- _Directions_
Please write out the entire listing below exactly, excluding its pictures.

- _Dataset excerpt_
——

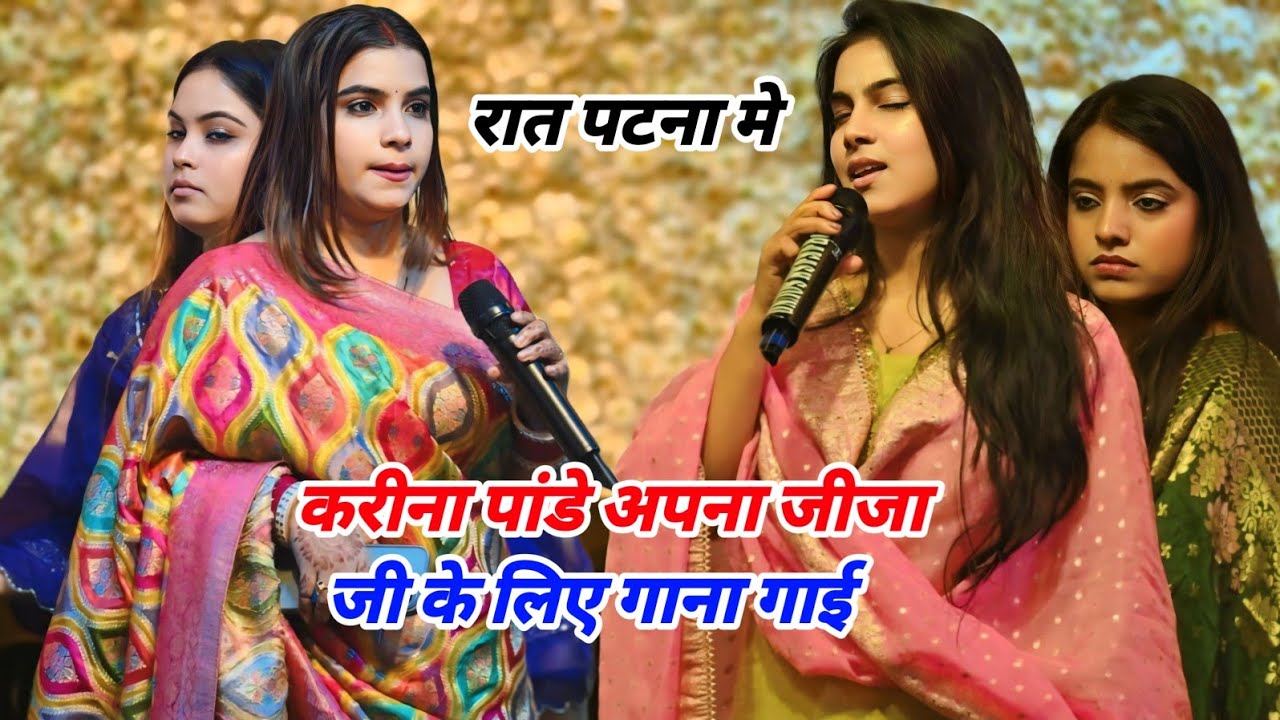 रात पटना मे करीना पांडे अपना जीजा जी के लिए गाना गाई हेमा पांडे क्या बोली new stage program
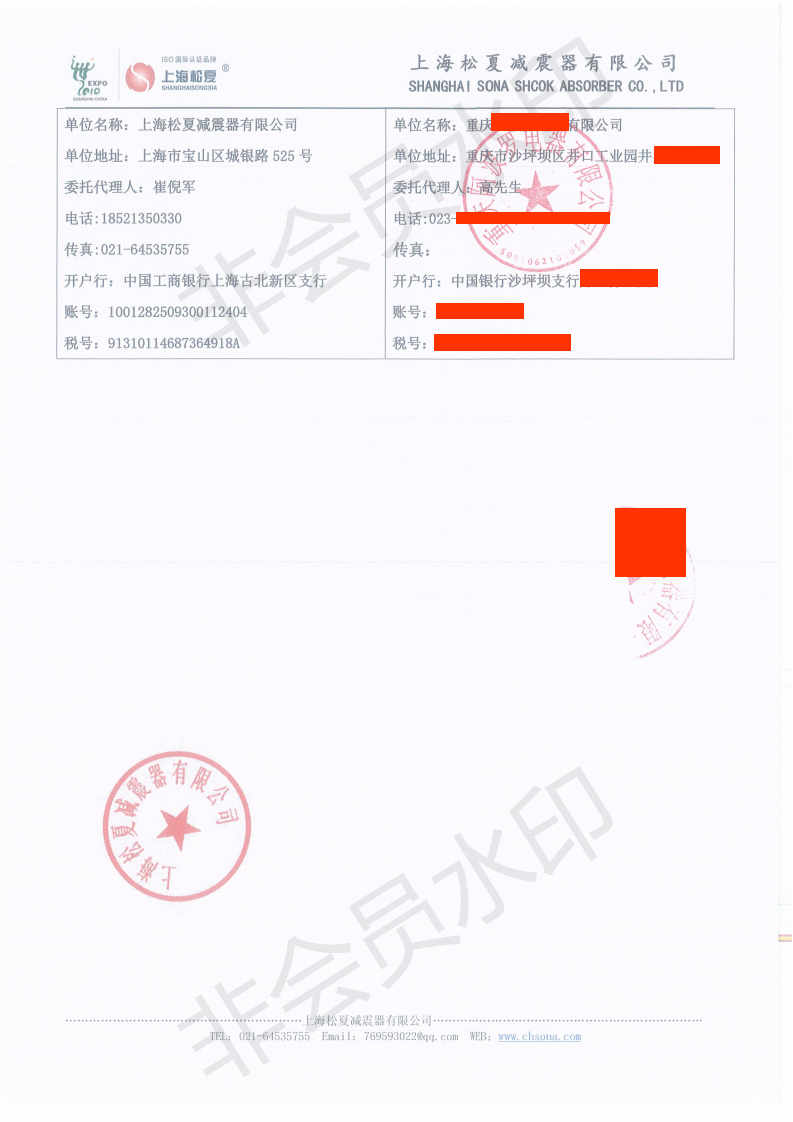 【遠洋-九公子項目配電工程】ZTF彈簧成人抖音APP大全器合同
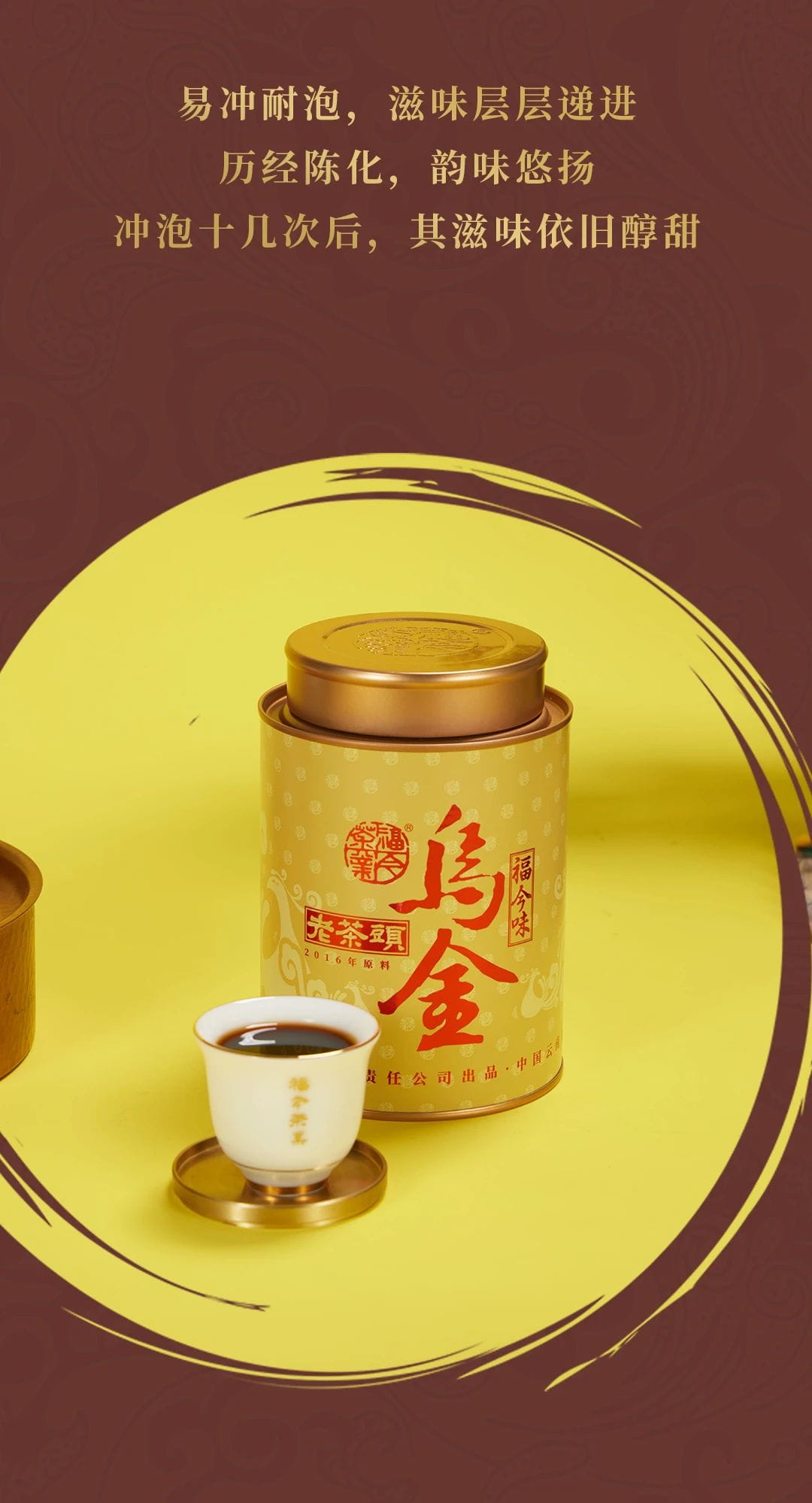 特供系列丨福今茶业2016年『乌金老茶头』正式发售！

——

- _Task output_
 रात पटना मे करीना पांडे अपना जीजा जी के लिए गाना गाई हेमा पांडे क्या बोली new stage program
 【遠洋-九公子項目配電工程】ZTF彈簧成人抖音APP大全器合同
 特供系列丨福今茶业2016年『乌金老茶头』正式发售！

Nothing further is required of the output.